# Hello....(I'm pants at titles)



## oO TTLee Oo

Hello everyone
My name is Lee i'm 26 and i'm from South Wales.
I've been ghosting about these forums for a few weeks now knowing i was looking to buy a TT.....and i finally gave into my dream and bought one last sunday and i picked it up on friday, since then the grin has not moved from my face.... (but my missus on the other hand is not amused! car this car that!... but its worth it :lol: )

Unfortunately i only recieved one key when i picked the car up, so am now paranoid and sleeping with the window open (not in the car) incase the previous owner pulls a fast one :lol:

Hope to get to know you all a bit more in the time to come.
Thanks
Lee


----------



## conlechi

Hi Lee and welcome to the forum 

where in South Wales are you ?

Keep an eye in the events section for an event local to you :wink:

oh' and don't forget to join the TTOC www.ttoc.co.uk

Mark


----------



## chrishTT

get 1 arranged then mark
you attend ace today?

oh and hi fellow south Walian
welcome to the forum

any more info on the TT
colour 
engine
mods


----------



## oO TTLee Oo

Hello guy's
I'm from Pontypridd. what parts are you both from?

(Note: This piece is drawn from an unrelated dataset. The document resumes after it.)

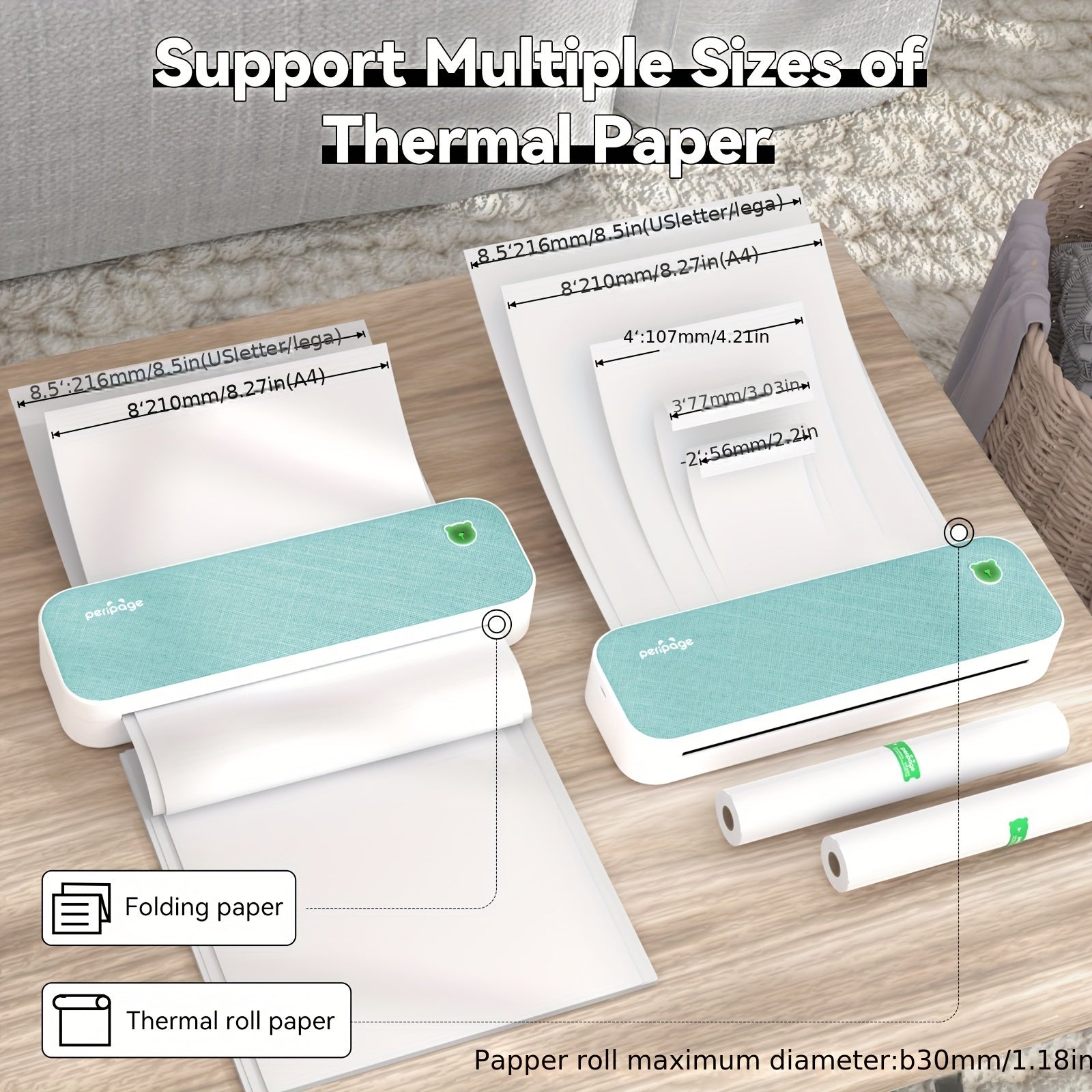 Tragbarer Thermodrucker, Grau für Homeoffice und Reisen – Hauptansicht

Thanks, yeah i will sign up and ill keep an eye out in the events section thanks for the heads up mark

Well its the 2003 model
225bhp
Raven black
no mods that i know of
2 owners from new with 34k on the clock
Ill get some pics up when i take some....just waiting for the weather really. Pretty crappy at the mo.


----------



## conlechi

oO TTLee Oo said:


> Hello guy's
> I'm from Pontypridd. what parts are you both from?
> 
> Thanks, yeah i will sign up and ill keep an eye out in the events section thanks for the heads up mark
> 
> Well its the 2003 model
> 225bhp
> Raven black
> no mods that i know of
> 2 owners from new with 34k on the clock
> Ill get some pics up when i take some....just waiting for the weather really. Pretty crappy at the mo.


Hi Lee,
i'm in Caerleon , just other side of Newport , there's quite a few of us locals on the forum

hope to see you at a local meet in the not so distant future

Let the modding begin :wink:

Mark


----------



## mattyR

Welcome Lee mate

I'm ust up the road from you....Porth. Whereabouts in Ponty are you from? I'll keep an eye out for you.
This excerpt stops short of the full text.